Quartiersentwicklung „Allgäuer Straße West“ in Memmingen

Blick von Erschließungsanger

Blick von Erschließungsanger

Anerkennung

Preisgeld: 7.500 EUR

17A ARCHITEKTUR

Stadtplanung / Städtebau

BL9 Landschaftsarchitekten

Landschaftsarchitektur

Erläuterungstext

Städtebau
Winkelförmige Gebäude in Kombination mit einem Solitärbau, die entlang den Höhenlinien des nach Osten abfallenden Hanges gestaffelt sind, bilden private und halböffentlich zonierte „Wohnhöfe“. Zwei gemeinschaftsstiftende Plätze zonieren die Höfe. Der südlichere hiervon, zentral am Erschliessungsanger Bushaltestelle / Kita gelegen, bildet hierbei das Zentrum des neuen Wohngebietes. Die Gebäudetiefen von 14m vermitteln zwischen der kleinteiligen Wohnbebauung „Am Galgenberg“ im Westen und den großen Gewerbestrukturen im Osten und bieten die Grundfläche für mod- erne und insbesondere barrierefreie Grundrisse für kleinere Haushalte sowie Senioren. Durch den relativ starken Geländeanstieg entsteht bei den südlichen Gebäuden ein Sockelgeschoss, welches die Hauszugänge mit Tiefgarage, Fahrradräume sowie je einen zum Rodelhang orientierten Gemeinschaftsraum enthält. Das neue Quartier ist über die vorgegebene Zufahrt der Allgäuer Straße erschlossen. Der Autoverehr wird direkt in die Tiefgarageneinfahrt des südöstlichen Gebäudes geführt. Von wenigen Besucherstellplätzen abgesehen, bleibt das komplette Quartier autofrei. Die im Westen situierte Kita ist von der Dickenreiserallee anfahrbar und über den Erschliessungsanger von Osten an den ÖPNV angebunden. Ihre PKW-Stellplätze sind am Eingang situiert, ein Teil davon sind in der zusammenhängenden Tiefgarage nachgewiesen. Die Kreishandwerkerschaft, in einem eigenständigen Bau am Quartierseingang situiert, erhält ihr „Entrée“ über den zentralen Platz. In dem m4-geschossigen Gebäude können auch weitere Nutzungen untergebracht werden. Im Süden und Westen bleiben Biotop sowie Rodelhang unangetastet und bilden somit eine grüne Spange um das neue Quartier.

Bauabschnitte
Das Quartier ist unabhängig von dem nicht im städtischen Besitz befindlichen Grundstückes entwickelbar: Hierbei erhalten die beiden an der nördlichen Quartiersgrenze stehenden Gebäude jeweils eine Ein- bzw. Ausfahrt für eine Tiefgarage. Im Falle der Verfügbarkeit des Gesamtareals kann auf diese Zufahrten verzichtet werden. Das Gesamtquartier wird dann über die süd-östliche TG- Zufahrt erschlossen. Das Quartier ist somit in drei bis vier unabhängige Bauabschnitte aufteilbar.

Rettungswege
Durch die Lage der Baukörper an den höhengestaffelten Höfen sind diese hangseitig 2-3 geschossig und talseitig 4-5 geschossig. Somit sind nur ausgewählte Fassaden mit einer Feuerwehrzufahrt zu versehen, für die restlichen Fassaden sind lediglich Handleitern erforderlich.

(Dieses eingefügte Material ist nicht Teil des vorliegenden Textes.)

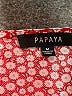 Papaya Red Short Sleeve Top Size M - photo 7
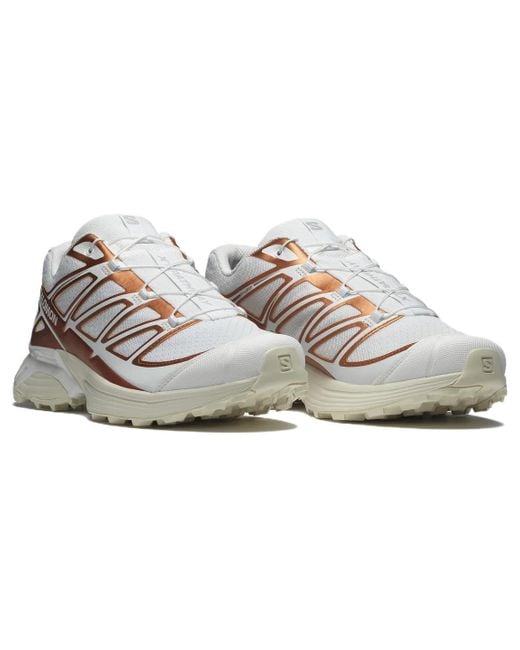 Salomon White Xt-Pathway Metallic Sneakers Ftw Copper Almond Milk' for men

Wohnungsschlüssel und Flächen
Mit den drei Gebäudetypen Winkel, Winkelverlängerung und Punkthaus ist durch wenige, gleichförmige Plattformen der gewünschte Wohnungsmix aus 2- bis 4-Zimmerwohnungen umgesetzt. Ein Anteil von 1/3 geförderten und 2/3 freifinanzierten Wohnungen ist erreicht. Das städtebauliche Konzept sieht auf dem städtischen Grundstück 18.046qm BGF mit 162 Wohnungen vor, auf dem nicht städtischen Grundstück werden 2.772qm BGF mit 29 Wohnungen erreicht. Die Kita hat eine BGF von 1.154qm, die Kreishandwerkerschaft eine BGF von 1.386qm. Das Heizkraftwerk ist als wohltuend baumüberstandener, unterirdischer Baukörper mit 500 qm BGF mit Einbring- und Einstiegsöffnung direkt am Erschließungsanger angeordnet. Somit werden in dem Quartier insgesamt 23.358qm BGF realisiert. 23.458qm GF oberirdisch zur Grundstücksfläche von 18.282qm führt zu einer GFZ von 1,28 und somit zu einer angemessenen Quartiersdichte.

Schallschutz
Die nach Osten gelegenen Wohnungen werden über Schallschutzloggien und Schallschutzfenster vor Verkehrslärm geschützt. Um so weiter die Wohnungen von der Lärmquelle entfernt liegen, sind diese Maßnahmen reduziert bzw. entfallen.

Freiraumkonzept
Das neue Quartier soll für alle zukünftigen Bewohner gleichermaßen einen Ort der Kommunikation als auch einen Ort des privaten Rückzugs darstellen. Um dies zu erreichen, wurden zwei sich ergänzende Freiraumtypen in dem Entwurf entwickelt: Zwei großzügige, öffentliche Plätze, die durch schattenspendende Baumdächer sowie Sitzmöglichkeiten eine hohe Aufenthaltsqualität bieten. Sie funktionieren als Treffpunkte innerhalb des Quartiers und schaffen eine offene Durchwegung durch das Wohngebiet. Als Ergänzung hierzu stehen die privaten Innenhöfe mit halb-öffentlichem Charakter. Hier liegen die Eingänge zu den Gebäuden, die privaten Erdgeschoss-Terrassen sowie Spielflächen und Sitzmöglichkeiten für die angrenzend wohnenden Kinder. Diese „grünen Höfe“, die gegen das ansteigende Gelände mit Mauern abgegrenzt sind, stehen im Gleichgewicht mit den öffentlichen Plätzen. Die umgebende Landschaft fließt um die Wohninseln herum und - mit einem lockeren Netz aus Obstbäumen - bindet sie das neue Quartier in die bestehende Landschaft ein.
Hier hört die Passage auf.